Kemudian, pengabaian prinsip inklusi dalam berdemokrasi juga terlihat dalam cara yang semula justru dimaksudkan untuk melawan eksklusi. Para aktor politik di balik demonstrasi yang memprotes Undang-Undang Cipta Kerja sebagian menggunakan sentimen agama dengan maksud untuk menarik dukungan massa dan menekan pemerintah. Beberapa kalangan mengkhawatirkan, cara-cara seperti itu jika tidak terkendali bisa menggiring massa ke jurang berbahaya: kekerasan massa. Terutama di masa pandemi Covid-19 ini.
Kita sungguh menyadari, dalam sejarahnya, agama bisa jadi kekuatan pemersatu. Agama, dengan asas ketuhanan dan penghargaan terhadap manusia, bisa menjadi kekuatan perekat. Tetapi politisasi agama bisa membuatnya menjadi sumber utama perbedaan dan konflik.
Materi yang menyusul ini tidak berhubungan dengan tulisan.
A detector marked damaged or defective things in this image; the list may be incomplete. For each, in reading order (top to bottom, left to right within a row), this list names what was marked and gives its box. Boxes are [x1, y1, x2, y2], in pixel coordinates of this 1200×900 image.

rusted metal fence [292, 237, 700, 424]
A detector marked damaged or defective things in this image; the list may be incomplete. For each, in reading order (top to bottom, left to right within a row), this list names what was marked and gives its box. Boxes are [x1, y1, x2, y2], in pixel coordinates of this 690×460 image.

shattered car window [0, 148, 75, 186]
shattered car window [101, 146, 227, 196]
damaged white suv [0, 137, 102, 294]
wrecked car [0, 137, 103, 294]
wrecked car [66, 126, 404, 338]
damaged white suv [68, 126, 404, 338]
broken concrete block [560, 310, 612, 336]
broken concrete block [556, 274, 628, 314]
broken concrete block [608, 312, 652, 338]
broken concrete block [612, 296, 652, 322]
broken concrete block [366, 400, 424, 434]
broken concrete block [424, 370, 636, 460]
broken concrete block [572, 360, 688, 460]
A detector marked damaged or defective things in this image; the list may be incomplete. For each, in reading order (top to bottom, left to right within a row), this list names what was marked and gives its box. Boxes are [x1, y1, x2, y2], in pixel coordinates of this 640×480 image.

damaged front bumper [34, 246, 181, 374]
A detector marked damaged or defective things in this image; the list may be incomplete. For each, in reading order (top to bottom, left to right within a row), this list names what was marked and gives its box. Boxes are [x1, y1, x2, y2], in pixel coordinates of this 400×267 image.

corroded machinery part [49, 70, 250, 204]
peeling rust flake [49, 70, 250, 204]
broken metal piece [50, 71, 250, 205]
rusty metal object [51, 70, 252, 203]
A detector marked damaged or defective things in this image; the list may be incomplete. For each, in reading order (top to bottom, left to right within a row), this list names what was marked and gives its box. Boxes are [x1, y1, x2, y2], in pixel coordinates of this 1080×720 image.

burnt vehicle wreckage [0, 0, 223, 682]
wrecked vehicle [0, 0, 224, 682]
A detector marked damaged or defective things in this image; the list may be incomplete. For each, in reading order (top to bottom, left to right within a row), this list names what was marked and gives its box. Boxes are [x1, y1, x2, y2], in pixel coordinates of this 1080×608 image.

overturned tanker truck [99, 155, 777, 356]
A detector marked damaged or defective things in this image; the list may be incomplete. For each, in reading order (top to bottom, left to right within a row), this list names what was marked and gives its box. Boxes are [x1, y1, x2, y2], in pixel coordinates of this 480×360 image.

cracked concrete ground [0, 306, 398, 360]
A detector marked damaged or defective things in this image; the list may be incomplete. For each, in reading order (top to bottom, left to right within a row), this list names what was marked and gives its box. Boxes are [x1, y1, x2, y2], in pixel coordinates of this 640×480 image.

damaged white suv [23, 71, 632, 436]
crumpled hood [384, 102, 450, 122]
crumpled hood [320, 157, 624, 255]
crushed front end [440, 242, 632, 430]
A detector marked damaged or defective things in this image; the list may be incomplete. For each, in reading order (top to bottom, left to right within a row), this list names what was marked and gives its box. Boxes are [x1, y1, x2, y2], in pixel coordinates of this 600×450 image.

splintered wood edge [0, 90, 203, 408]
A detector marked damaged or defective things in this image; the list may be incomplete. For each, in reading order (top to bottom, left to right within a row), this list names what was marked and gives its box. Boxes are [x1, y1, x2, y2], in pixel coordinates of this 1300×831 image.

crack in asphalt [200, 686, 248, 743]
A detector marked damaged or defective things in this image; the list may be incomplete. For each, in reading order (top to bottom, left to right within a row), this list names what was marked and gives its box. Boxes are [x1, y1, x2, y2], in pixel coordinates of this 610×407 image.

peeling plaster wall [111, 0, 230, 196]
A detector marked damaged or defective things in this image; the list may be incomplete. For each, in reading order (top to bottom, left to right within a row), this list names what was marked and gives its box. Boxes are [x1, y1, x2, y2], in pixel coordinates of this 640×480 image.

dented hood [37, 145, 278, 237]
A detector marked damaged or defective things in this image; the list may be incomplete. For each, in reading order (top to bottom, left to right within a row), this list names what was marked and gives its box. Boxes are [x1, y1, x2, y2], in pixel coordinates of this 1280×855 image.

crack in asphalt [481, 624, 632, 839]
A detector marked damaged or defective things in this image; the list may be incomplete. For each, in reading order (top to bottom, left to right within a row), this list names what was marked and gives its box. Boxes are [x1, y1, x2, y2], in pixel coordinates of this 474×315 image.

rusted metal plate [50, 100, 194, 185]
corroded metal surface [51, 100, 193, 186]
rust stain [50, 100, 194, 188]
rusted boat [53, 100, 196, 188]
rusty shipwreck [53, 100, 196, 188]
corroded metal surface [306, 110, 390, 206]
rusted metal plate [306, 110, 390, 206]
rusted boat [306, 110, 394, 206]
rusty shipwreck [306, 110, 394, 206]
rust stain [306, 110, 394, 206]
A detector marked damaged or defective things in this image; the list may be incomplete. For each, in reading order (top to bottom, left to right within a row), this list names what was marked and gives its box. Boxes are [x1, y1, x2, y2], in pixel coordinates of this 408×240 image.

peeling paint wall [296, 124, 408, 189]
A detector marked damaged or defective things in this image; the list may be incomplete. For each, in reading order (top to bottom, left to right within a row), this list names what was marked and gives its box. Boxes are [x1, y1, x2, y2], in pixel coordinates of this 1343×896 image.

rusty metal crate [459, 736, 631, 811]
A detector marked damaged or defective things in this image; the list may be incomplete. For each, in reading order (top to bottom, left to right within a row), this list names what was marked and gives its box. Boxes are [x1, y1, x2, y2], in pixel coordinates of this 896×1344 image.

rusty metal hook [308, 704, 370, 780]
Masyarakat yang amat heterogen seperti Indonesia membutuhkan lembaga-lembaga inklusif untuk mengatasi aneka kepentingan yang saling berkonflik. Lalu, siapa dan lembaga apa yang berwenang dalam memberdayakan warga negara dan memastikan inklusi dan kesetaraan dalam masyarakat bisa dijamin?
Sudah tentu, dalam konteks Indonesia, lembaga pemerintah, partai politik, dan organisasi keagamaan serta masyarakat sipil bisa menetapkan langkah-langkah efektif untuk mengatasi ketidaksetaraan struktural, yang membelenggu kita untuk mencapai masyarakat yang adil dan beradab.
Tetapi tak kalah penting, peran komunitas budaya: seniman, sastrawan, wartawan, agamawan, dan cendekiawan yang independen untuk turut membumikan demokrasi yang inklusif. Mereka adalah agen-agen budaya yang tumbuh dari bawah, berkomunikasi dengan simbol. Ketika jalan politik sering bertujuan jangka pendek, jalan budaya adalah kekuatan sejarah yang lebih langgeng. Budaya sering lebih meresap ke dalam kesadaran kolektif masyarakat. Pengaruh budaya melampaui ruang dan waktu. Apabila politik bermodal pada ikatan kepentingan, budaya berbasis pada ikatan ketulusan.
Sayangnya, sejak awal kemerdekaan hingga kini, gerak perubahan politik kita tidak selalu dalam bimbingan kesadaran budaya bangsa. Tampaknya baik elite maupun massa perlu terus disadarkan bahwa demokrasi inklusif yang berbasis Pancasila adalah jalan yang paling manusiawi dan adil. Jalan ketika perbedaan tidak hanya diberi ruang dan didengar, tetapi ketika konflik politik selalu membuka kemungkinan kompromi dan dialog dengan sikap yang penuh empati terhadap perbedaan.
Gerakan penyadaran budaya perlu ditumbuhkan sejak dini. Agar laku politik makin berbudaya dan agar faktor budaya yang menjadi kendala proses demokratisasi makin dieliminasi. Tetapi rekayasa budaya ini tidak bisa dipaksakan. Ia harus tampak alami.
Ketika laku politik masih menampilkan wajah yang muram, jalan budaya menjadi cahaya untuk menumbuhkan harapan dalam merawat keanekaragaman.